Skip the pictures. Output only the lines below starting at the line with "Maison Exclusive - Set" and ending at the line with "Free shipping 925", both ends included, exactly as they are.

• [RECORDS SHOWN]
++++++

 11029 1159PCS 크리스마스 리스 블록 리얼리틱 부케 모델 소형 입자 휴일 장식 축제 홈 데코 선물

++++++

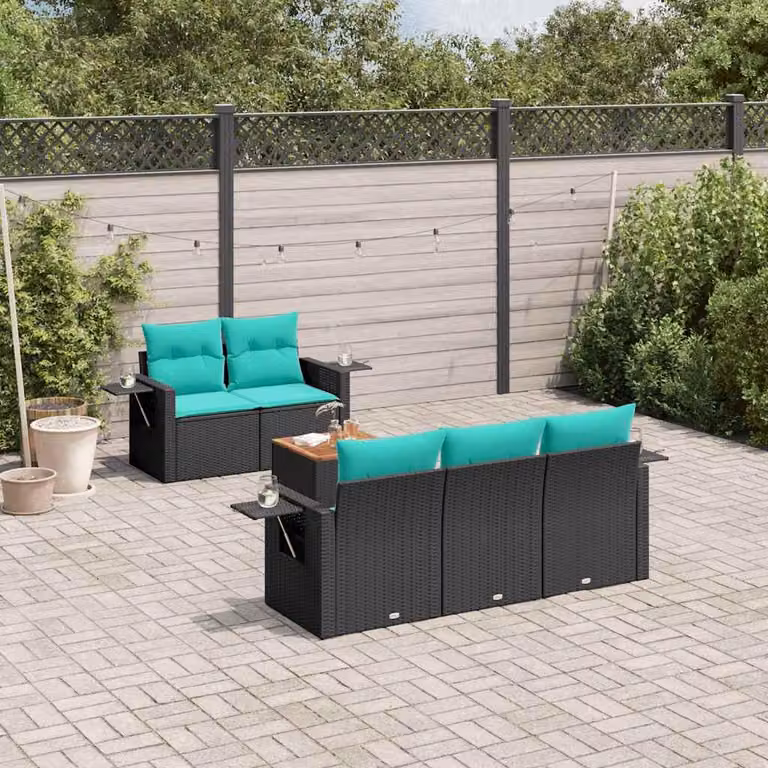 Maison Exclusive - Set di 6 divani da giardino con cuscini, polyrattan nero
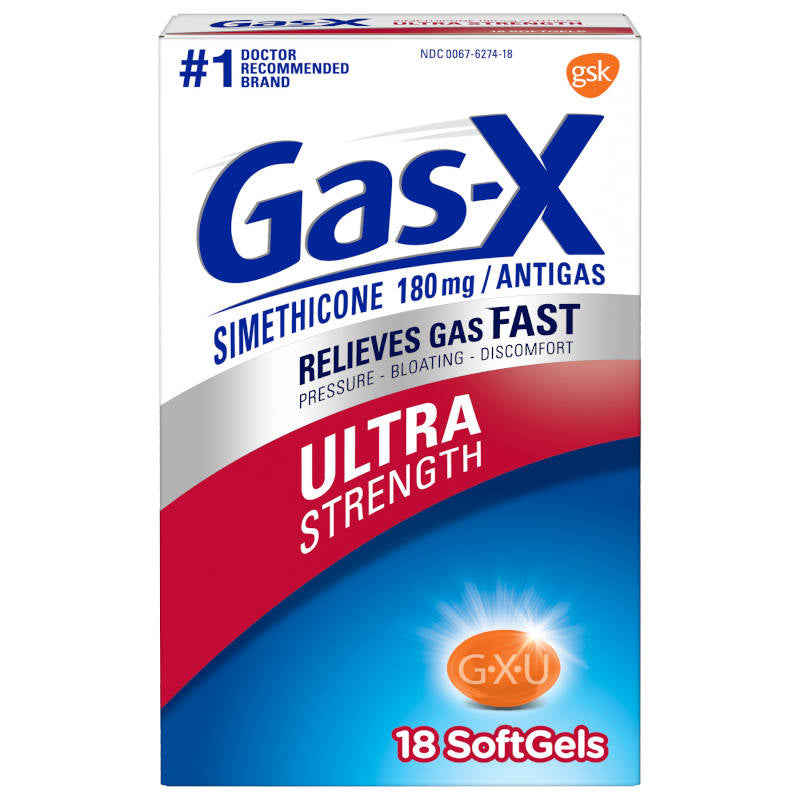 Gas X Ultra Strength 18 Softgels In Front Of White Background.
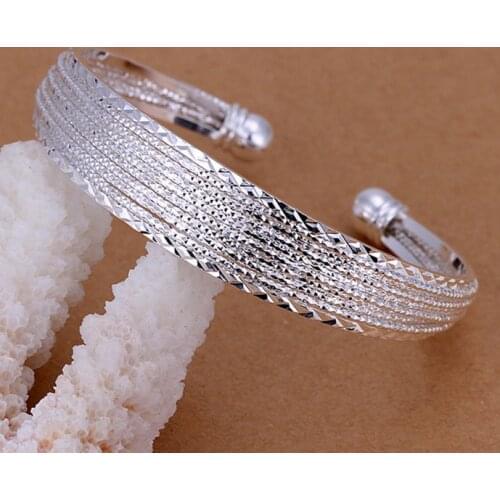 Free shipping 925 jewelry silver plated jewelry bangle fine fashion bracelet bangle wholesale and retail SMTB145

++++++

• [SOLUTION]
 Maison Exclusive - Set di 6 divani da giardino con cuscini, polyrattan nero
 Gas X Ultra Strength 18 Softgels In Front Of White Background.
 Free shipping 925 jewelry silver plated jewelry bangle fine fashion bracelet bangle wholesale and retail SMTB145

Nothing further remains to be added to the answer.